What you are asked to do.
Each line of the material below is to be written out exactly. Leave out any picture.

Material for this task.
+-------+
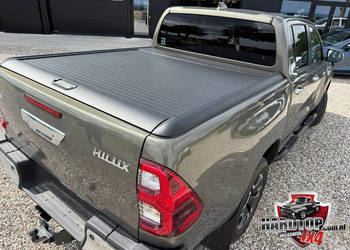 Zabudowa Roleta Toyota Hilux 2015+ Realtruck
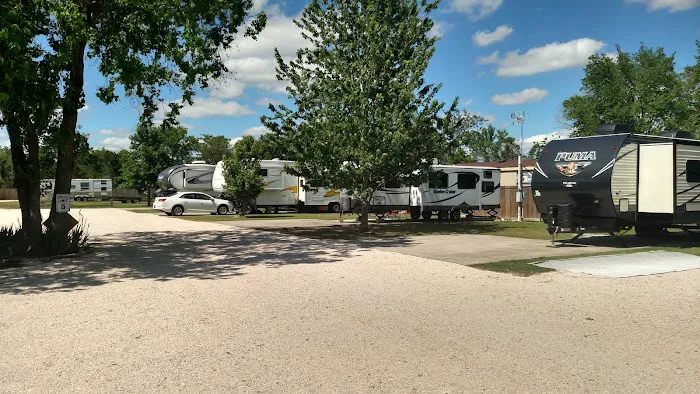 Texans RV Park 1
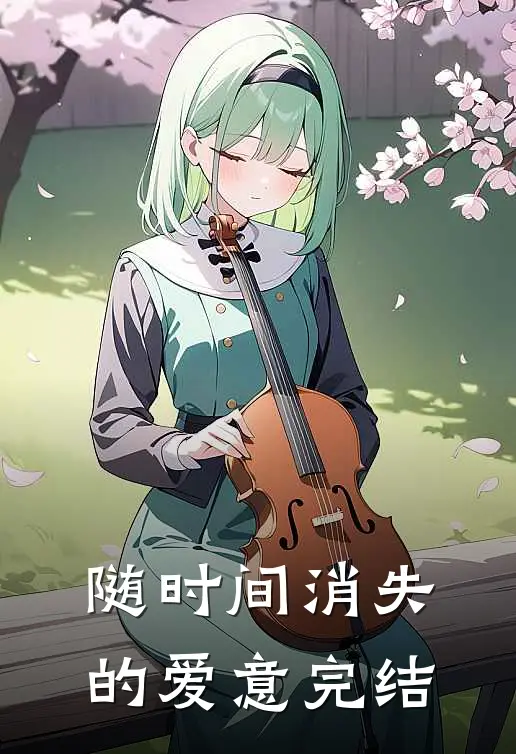 随时间消失的爱意完结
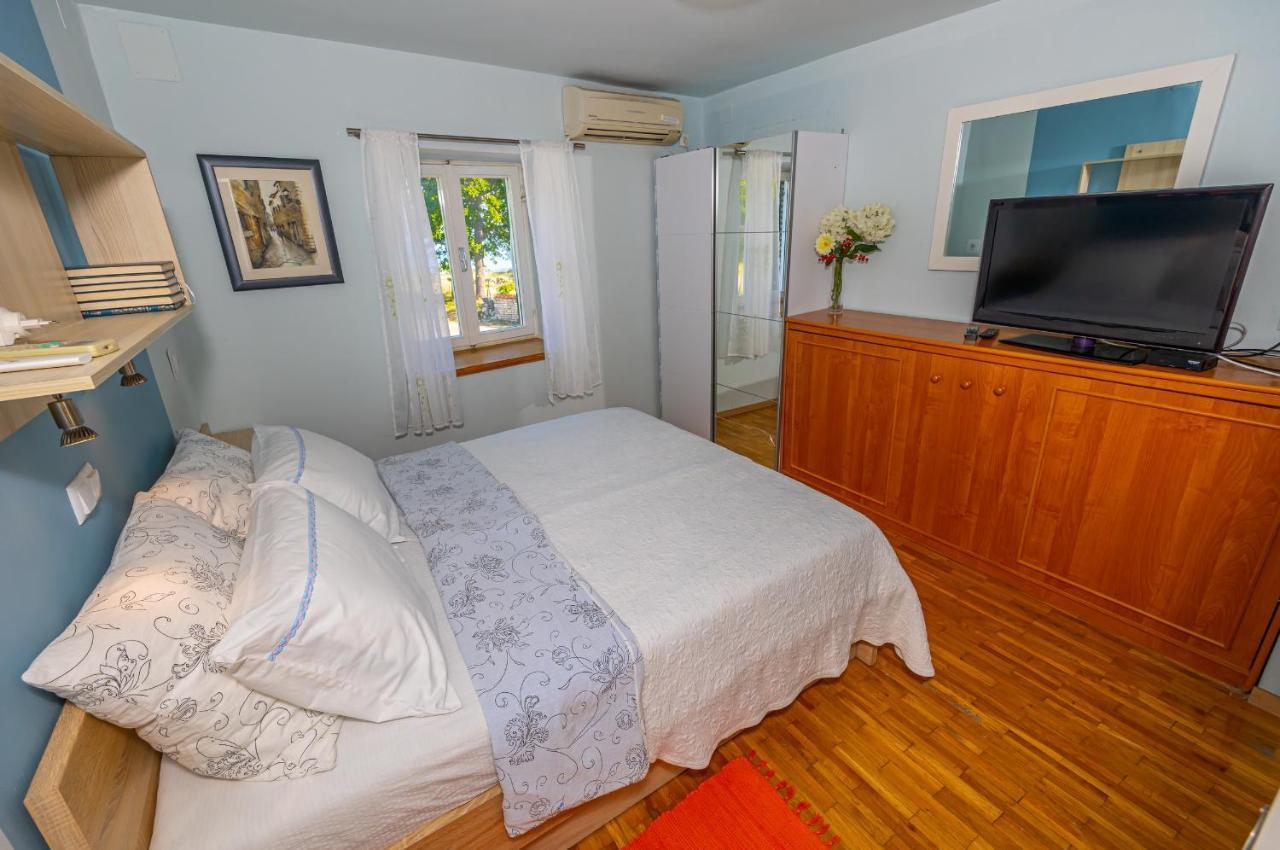 Apartments Lapis Jadranovo Zewnętrze zdjęcie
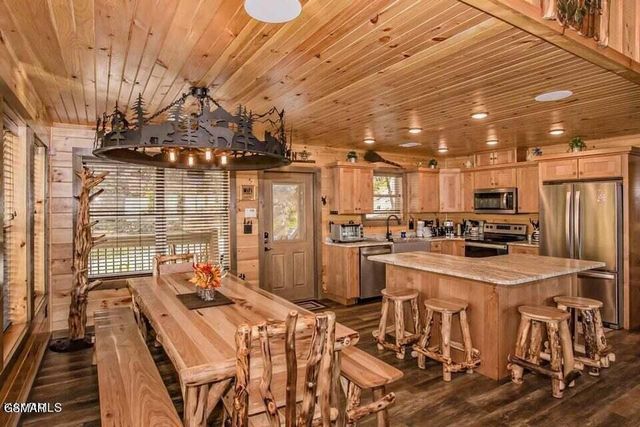 1860 Billard Way, Sevierville, TN 37876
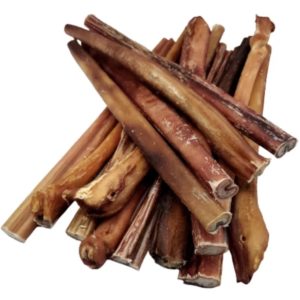 Bâtonnets à mâcher 12″ – STANDARD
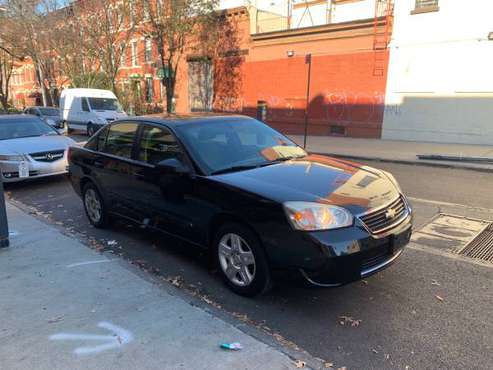 2007 Chevy Malibu Only 58K - cars & trucks - by owner - vehicle... for sale in Brooklyn, NY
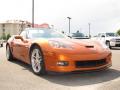 2007 Corvette Z06 #3 2007 Corvette Z06 #3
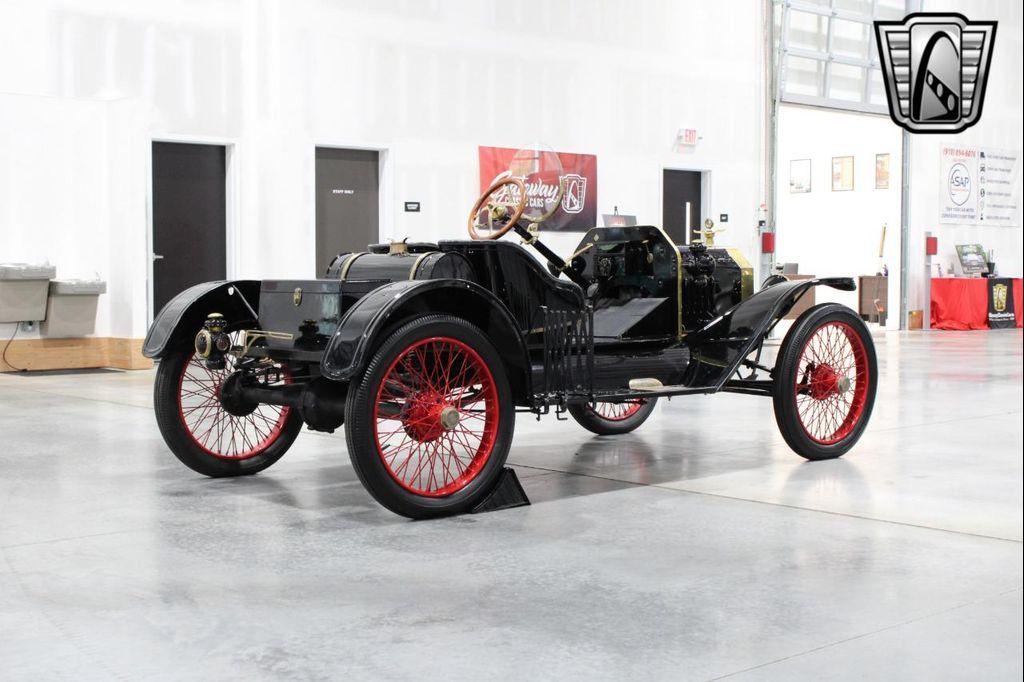 used 1916 Ford Model T car, priced at $20,000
+-------+
Response area.
 Zabudowa Roleta Toyota Hilux 2015+ Realtruck
 Texans RV Park 1
 随时间消失的爱意完结
 Apartments Lapis Jadranovo Zewnętrze zdjęcie
 1860 Billard Way, Sevierville, TN 37876
 Bâtonnets à mâcher 12″ – STANDARD
 2007 Chevy Malibu Only 58K - cars & trucks - by owner - vehicle... for sale in Brooklyn, NY
 2007 Corvette Z06 #3 2007 Corvette Z06 #3
 used 1916 Ford Model T car, priced at $20,000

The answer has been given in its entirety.